A brief Washington Post review in June heralded the new edition of the Routledge International Handbook of Ignorance Studies, covering "different types of ignorance" in a range of subjects by authors from various countries. Among the valuable conclusions in the book is that while "individual ignorance" may be rational in some cases, it is unlikely that "collective ignorance" advances the society. In any event, the author concluded, "The realm of ignorance is so vast that no one volume can fully cover it all." [Washington Post, 6-16-2015]

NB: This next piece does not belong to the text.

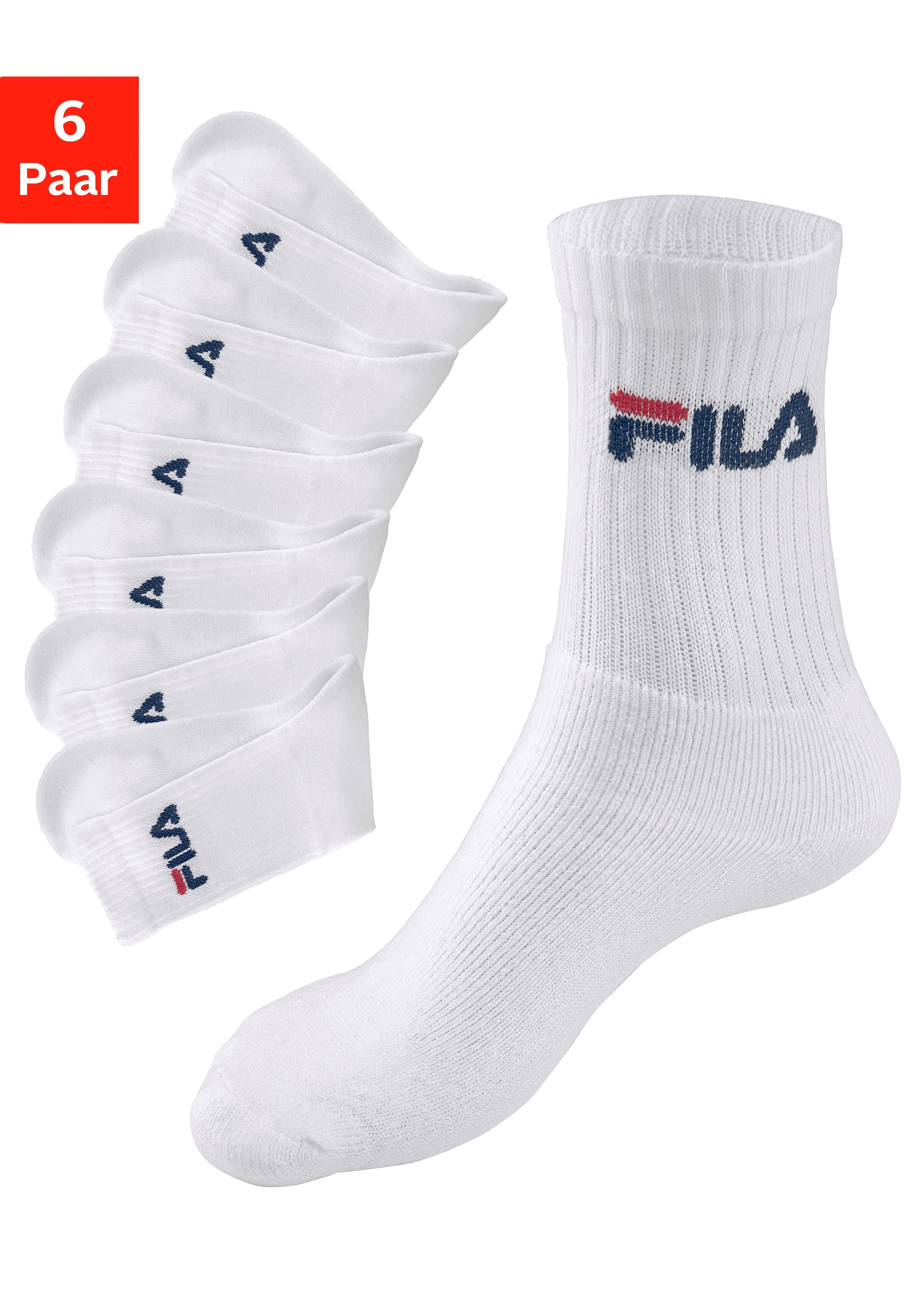 Fila Tennissocken (6-Paar) mit eingestricktem Logo 6x weiß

Because the walkway in front of a Publix supermarket in Fort Lauderdale had seen its share of Girl Scout cookie sellers, Patrick Lanier apparently thought the venue a natural for his product. On June 4, he plopped down a live, 5-foot-long shark he had just captured, and which he hectored shoppers to buy, asking $100 (and occasionally tossing buckets of water on it to keep it shimmering). He had less success than the cookie-peddlers, and in short order loaded it back into his truck, took it to an inlet and released it. However, he did avoid the police; it is illegal to sell fish without a commercial license. [WSVN-TV (Miami), 6-5-2015]

The New York Court of Appeals ruled in June that, when a body is taken for official autopsy and organs are removed (including the brain), the deceased's family does not necessarily have a right to receive the body with organs re-inserted. "(N)othing in our common law jurisprudence," the judges wrote, mandates "that the medical examiner do anything more than produce the ... body." The family had demanded the entire body back for a "proper" Catholic burial. [New York Daily News, 6-11-2015]

In May, police in Anglesey, North Wales, called for a hostage negotiator to help with two suspects (aged 21 and 27) wanted for a series of relatively minor crimes and who were holed up on the roof of a building. However, the building was a one-story community center, and the men (whose feet were dangling over a gutter about 8 feet off the ground) had refused to come down. Even as a crowd gathered to watch, the men managed to hold out for 90 minutes before being talked down. [South Wales Evening Post, 5-15-2015]

Marijuana is purported to make some heavy users paranoid, and the January arrest of alleged Bozeman, Montana, dealers Leland Ayala-Doliente, 21, and Craig Holland, 22, may have been a case in point. Passersby had reported the two men pacing along the side of Golden Beauty Drive in Rexburg, Idaho, and, when approached by a car, would throw their hands up until the vehicle passed. When police finally arrived, one suspect shouted: "We give up. We know we're surrounded. The drugs (20 pounds of marijuana) are (over there)." According to the Idaho Falls Post Register, they were not surrounded, nor had they been followed by undercover officers -- as the men claimed. [Post Register, 1-29-2015]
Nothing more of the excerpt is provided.